If you want to copy a file from the old data storage to the new data storage using BitTorrent, you first have to create a torrent descriptor file that you use on the new data storage server(s). The data server(s) on the old storage act as a seed. The new data servers, acting as "peers," can then download the file by connecting to the seed server(s) and downloading it.
You just need a network connection between the seed servers and the peers. You can also scale the performance by adding more servers (seeds and peers) attached to the old storage, as well as more BitTorrent clients. With a centralized filesystem, scaling the file server portion of the exchange shouldn't be a problem because each node has access to the data (centralized filesystem).
A file for downloading is split into pieces, and each piece can be downloaded from a different BitTorrent server (seed or peer). The pieces are hashed so that if the files are corrupted, it can be detected. The pieces are not downloaded in sequential order but in a somewhat random order, with the BitTorrent client requesting and assembling the pieces.
On the software side, you need a BitTorrent server on each of the seed nodes (old data servers) and a BitTorrent client on each of the peer servers and pure client servers. Servers and clients are available for many operating systems and distributions.
Figure 2 shows a very simple BitTorrent layout for data migration. In this layout, I've chosen a slightly different route and made each data server on the old storage a seed server, so it will be serving a particular file and no other server will provide for it by creating the correct torrent files.
On the new storage are BitTorrent clients that request the files. All of the files that need to be migrated from the old storage are given to the new storage servers. It's fairly easy to split the file list between the clients so that you don't waste time recopying the files.

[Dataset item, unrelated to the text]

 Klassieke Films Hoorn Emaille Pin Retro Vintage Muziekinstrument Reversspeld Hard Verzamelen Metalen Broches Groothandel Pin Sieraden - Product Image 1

There are many ways to create a BitTorrent network to migrate files. I have not tested them, so I don't know if it can also copy over file attributes, but to be honest, I don't believe it can. If this is true, then you will need a way to recreate all of the attributes on the transferred files.
Very recently, it was announced that BitTorrent had begun alpha testing a new "sync" tool [18]. BitTorrent Sync [19] allows you to keep files between various servers in sync. The new tool also offers one-way sync [20], which could help in data migration. Keep an eye out for BitTorrent Sync because it could be a huge benefit to data migration.
7. bbcp
Other tools floating around can handle multistream data transfers. One of them, bbcp
[21], can transfer files between servers using multiple streams and do recursive data transfers as well. As with other tools, BBCP has several options, and the main page describes them in a fair amount of detail. A web page at Cal Tech also describes BBCP in more detail and includes some network tuning parameters to improve performance [22].
BBCP has the ability to compress data during transfer (--compress
), do a recursive transfer (--recursive
), and preserve some metadata (--preserve
). However, the BBCP main page mentions that the --preserve
option only preserves the source file's mode, group name, access time, and modification time.
If your data has xattr metadata associated with it, you will lose that data if BBCP is used. However, you can always write a script to go back and add the xattr information.
One limitation of BBCP is that it can't migrate directories by themselves. I have not tried BBCP, so I can't say too much about how to set it up and use it. However, it sounds promising if your data files have no xattr information.